Dr. Goff starts with a meta-analysis in the Lancet (2002): for each age group (50’s – 80’s), the risk of stroke increases with increasing systolic or diastolic blood pressure. The relationship is linear — the risk of stroke does not drop precipitously at a systolic blood pressure of 140 or lower. A similar patterns is seen with blood pressure and ischemic heart disease. There has been a lot of interest in pulse pressure and it’s ability to predict heart disease and stroke. In the MRFIT patients, those individuals with higher systolic or diastolic pressures had greater risk of stroke. However, those with the highest systolic and diastolic do not have the highest risk of stroke; instead, the group with the highest systolic and lowest diastolic (the greatest pulse pressure) have the highest risk of stroke. In the Lancet 2002 study, the investigators looked at the following pressures to determine which had the greatest predictor of stroke and heart disease: systolic and diastolic pressure, pulse pressure, mean arterial pressure, and the mid-blood pressure (the simple average of the systolic and diastolic pressure). Pulse pressure is a poor predictor of stroke but mid-blood pressure and mean pressure predict stroke the best.

Moving on, Dr. Goff indicates that high blood pressure is common — about 1 billion people worldwide. Since 1990 in the US, the prevalence of high blood pressure in almost all ethnic/racial groups is increasing. High blood pressure is becoming a particular problem in the older population: 75% of people age 75 or older will have high blood pressure.
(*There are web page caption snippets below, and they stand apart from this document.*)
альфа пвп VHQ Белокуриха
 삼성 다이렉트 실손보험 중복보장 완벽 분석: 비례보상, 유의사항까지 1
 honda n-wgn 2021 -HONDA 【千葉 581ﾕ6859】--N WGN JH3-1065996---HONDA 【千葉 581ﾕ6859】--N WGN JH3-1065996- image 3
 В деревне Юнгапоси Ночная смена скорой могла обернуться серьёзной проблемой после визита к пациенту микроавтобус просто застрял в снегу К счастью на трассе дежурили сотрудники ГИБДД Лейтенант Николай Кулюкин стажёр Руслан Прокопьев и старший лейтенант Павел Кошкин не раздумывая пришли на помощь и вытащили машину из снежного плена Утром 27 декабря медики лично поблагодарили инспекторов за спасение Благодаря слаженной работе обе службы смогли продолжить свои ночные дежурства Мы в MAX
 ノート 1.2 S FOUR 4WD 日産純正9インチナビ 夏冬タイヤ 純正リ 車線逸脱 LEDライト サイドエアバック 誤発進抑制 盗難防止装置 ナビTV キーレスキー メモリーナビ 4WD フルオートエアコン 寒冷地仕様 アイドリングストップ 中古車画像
Benefits of blood pressure treatment: A meta-analysis in 1994 showed a 38% reduction of stroke risk in patients with blood pressure control; 16% reduction of heart disease with blood pressure control. Observational studies had shown a 20-25% reduction of heart disease with BP control. As a result, many investigations were performed to determine why the meta-analysis only showed a 16% reduction — does anti-hypertensive medications have a negative effect on heart disease risk? Subsequent studies have not shown that any one particular drug reduces heart disease less than another.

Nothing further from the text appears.